▶ _YOUR INSTRUCTIONS_: The answer should be an exact repeat of the stretch of material below from the line containing "Makita Пылесос VC2512L." through the line containing "Ford Mondeo 2.0HDI".

▶ _DATA FOR ANALYSIS_:
________________________
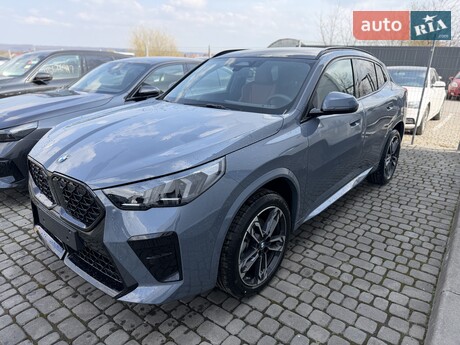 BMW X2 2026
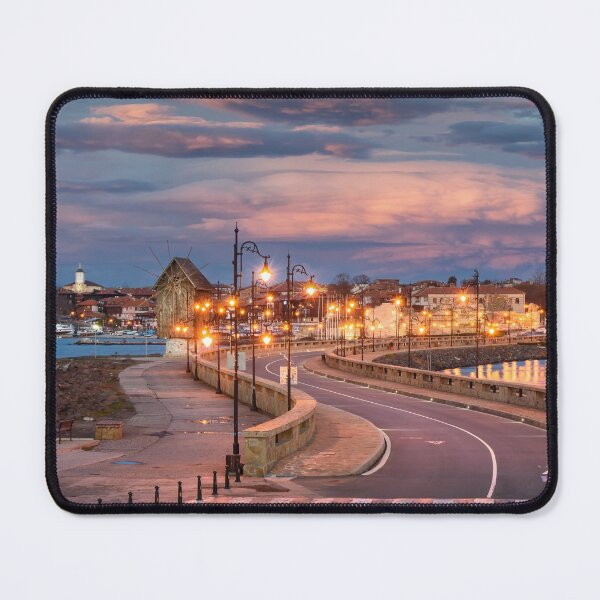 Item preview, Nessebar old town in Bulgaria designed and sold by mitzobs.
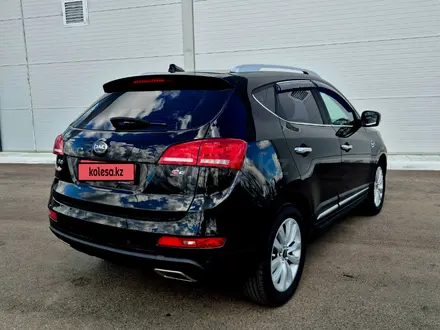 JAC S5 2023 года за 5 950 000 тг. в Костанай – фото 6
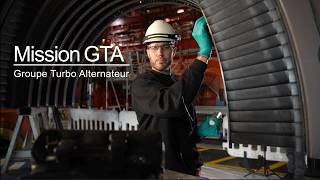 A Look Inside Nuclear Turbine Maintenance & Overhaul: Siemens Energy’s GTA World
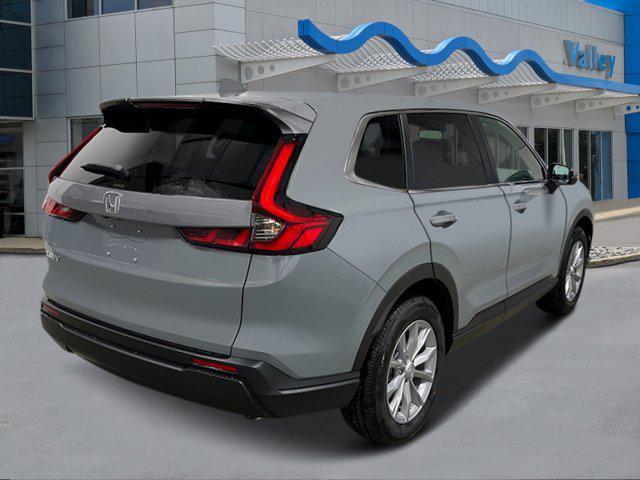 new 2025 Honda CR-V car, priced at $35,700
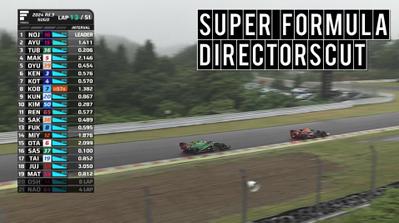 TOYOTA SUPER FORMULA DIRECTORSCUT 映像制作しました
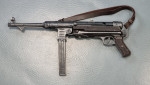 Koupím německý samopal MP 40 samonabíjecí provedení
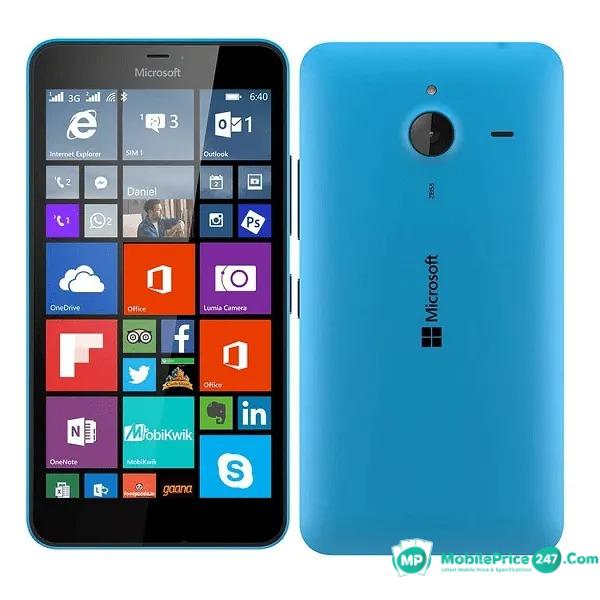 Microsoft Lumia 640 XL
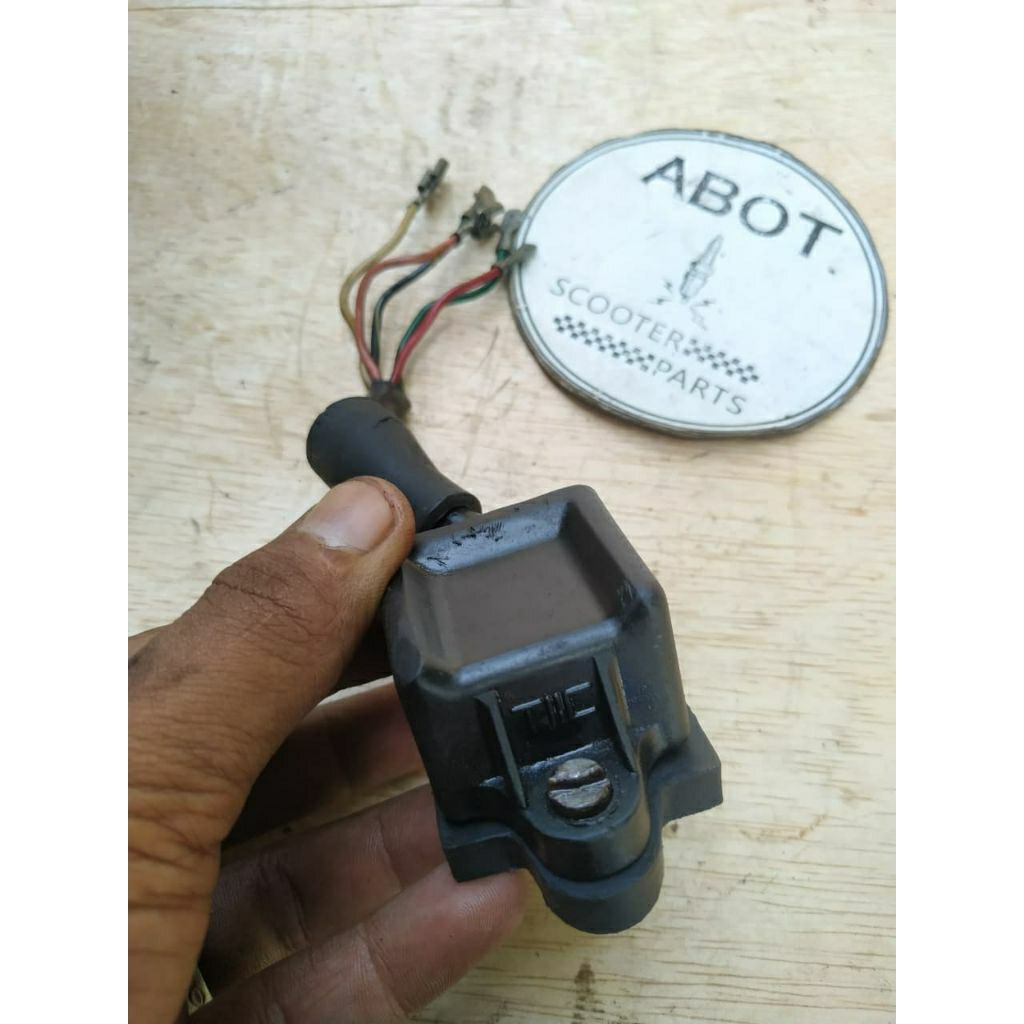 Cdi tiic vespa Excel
________________________
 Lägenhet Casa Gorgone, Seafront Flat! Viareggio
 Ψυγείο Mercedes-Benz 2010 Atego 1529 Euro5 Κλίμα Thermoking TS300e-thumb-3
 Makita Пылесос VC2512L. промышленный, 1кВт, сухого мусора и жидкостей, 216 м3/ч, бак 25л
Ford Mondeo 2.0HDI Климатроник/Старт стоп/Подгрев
________________________
▶ _FINISHED TASK_:
 Makita Пылесос VC2512L. промышленный, 1кВт, сухого мусора и жидкостей, 216 м3/ч, бак 25л
Ford Mondeo 2.0HDI Климатроник/Старт стоп/Подгрев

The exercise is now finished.